The Bretton Woods System – Background, Design and Reasons for Collapse

Since the beginning of the 19th century, globalization, international trade and free trade between countries became the new economic order and several attempts have been made since then to develop policies and schemes to ensure the stability of the international monetary system. It is safe to say that in truth, the world economy has never been in a state of utopia, but nevertheless, we have never stopped trying to attain such.

The Bretton Woods era of 1944 to 1977, one of the few fairly successful schemes the world powers created in trying to achieve economic utopia, though existed for a short period, has been accredited as being one of the most successful international monetary systems, so impressive was the economic stability and growth of the era that there have been ongoing talks for a comeback of the system.

Background of the Bretton Woods System

At the end of the World War II, 44 allied countries and Argentina came together in Mount Washington Hotel in the area of Bretton Woods, New Hampshire, United States, with a major motive of correcting the ills of the post-war I era which was characterized by International economic disorder, ‘beggar-thy-neighbor’ policies- where countries trying to come out of their depressed states do so, but at the expense of other countries.

The overall intended objective was therefore stable exchange rate and possible promotion of world peace. There was the recognized need for an institutional forum for International cooperation on monetary matters, so that in the advent of a world-wide crisis, such as world wars, there would be an internationally agreeable solution, rather than individual countries adopting selfish policies.

This recognized need had prior to the conference in 1944, instigated discussions amongst the British and American governments, and their economic experts, who had come up with different plans; Harry Dexter White of the U.S treasury on one hand, and Lord Keynes of Britain on the other, and the conference was seen as merely formalizing, and finalizing the agreements made. The final decisions which were agreed to at the Bretton woods conference were influenced majorly by the U.S plans. This is evident of the economic and military prowess of the United States at that time.

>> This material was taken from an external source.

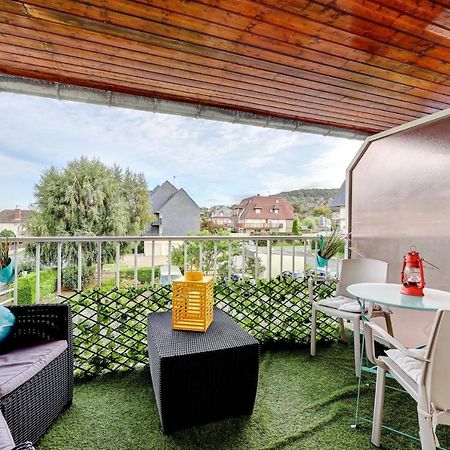 Appartamento Magnifique appart avec terrasse équipée et wifi gratuit Houlgate Esterno foto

The concentration of power in the hands of few countries, the like-mindedness of the overall goal (not necessarily the policies in achieving these goals) and the willingness and ability of one country-the U.S to takeover leadership, allowed for the success of the Bretton Woods conference.

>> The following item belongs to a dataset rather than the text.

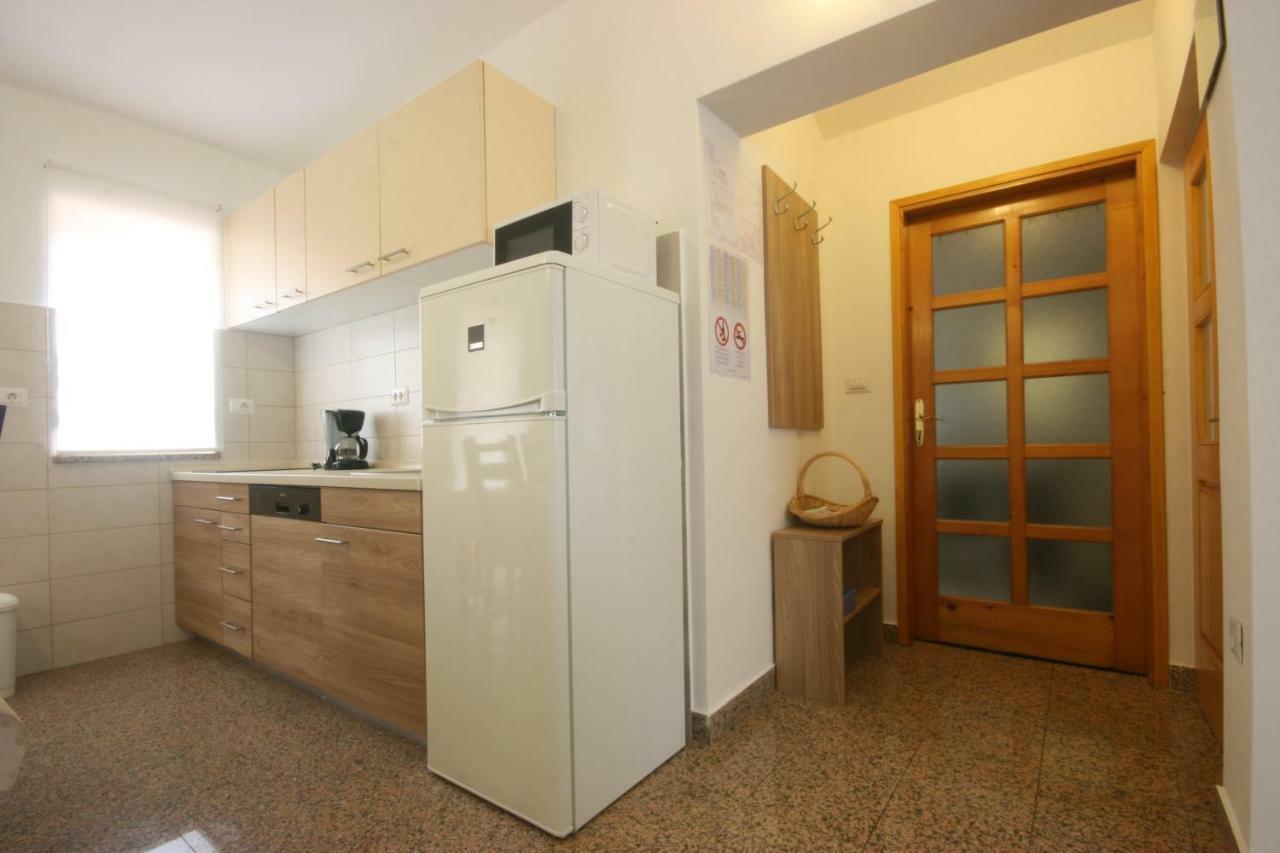 Apartment Luisa Пореч Екстериор снимка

The Design  of the Bretton Woods System

The system was designed to incorporate the advantages of both a fixed rate system, such as the gold standard (stable exchange rate), and that of a flexible exchange rate system (flexibility), and the resultant system was the adjustable peg rate system.

  1. The Peg and Exchange Convertibility: The U.S dollar was pegged to gold at the fixed rate of $35 per ounce, and every other country’s currency was then pegged to the dollar at a par value which had to be maintained or defended by buying and selling the dollar in the foreign currency market. Though there was no International Central Bank to produce an International currency, and control its supply, the U.S dollar became in effect, the world currency. With the fixed peg of $35 per ounce of gold, the rate at which countries could exchange their dollar for gold and vice-versa, the U.S dollar became as good as gold, and this boosted faith in the U.S dollar. This system afforded an opportunity for exchange rates amongst countries to be fixed in the short run, within a 1% band around the pegged rate. A country could change the rate at which it was pegged to gold, outside the 1% band, only if its balance of payment was in ‘fundamental disequilibrium’.
  2. Why The U.S Dollars: The U.S was still the only currency being backed by gold, and at that time held three-quarter of the world’s monetary gold (Gold had been transferred to U.S by European nations during the war), leaving the $ the most appreciated currency to the rest of the world. It was also the strongest economy after the World War II, and was considered liquid enough to meet the demand of increasing Internationalization, and global trade.
  3. Addressing Liquidity: To satisfy International liquidity, and to prevent the repeat of the gold shortage of the 1920s, and the fallout of the fixed rate of the 1930s, another major decision to be made was as regards adequate supply of official monetary reserves; This was very fundamental to the effective running of an adjustable peg rate. The conference agreed to a system of subscriptions and quotas which reflected each country’s economic strength. The quota of each member country was made up of 25% of gold and the remaining 75% in the country’s domestic currency. The quotas were important also because they determined the voting right, and the amount of foreign currency each member country could borrow from the fund.
  4. The Commissions: Three commissions were set up at the conference to achieve its intended objectives. The first Commission headed by Harry D, White of the U.S treasury was designed to formulate the Articles of Agreement of the International Monetary Fund, which was at the very heart of the system. The second commission was also introduced to formulate the Articles of Agreement for the International Bank for Reconstruction and Development. This was chaired by Lord Keynes of the United Kingdom. It then had the duty of financing post-war international reconstruction and development. Now known as the World Bank, it remains a very influential global body with a broader capacity. The third commission, was chaired by Dr. Eduardo Suarez of Mexico, and it was charged with coming up with other means of International financial cooperation.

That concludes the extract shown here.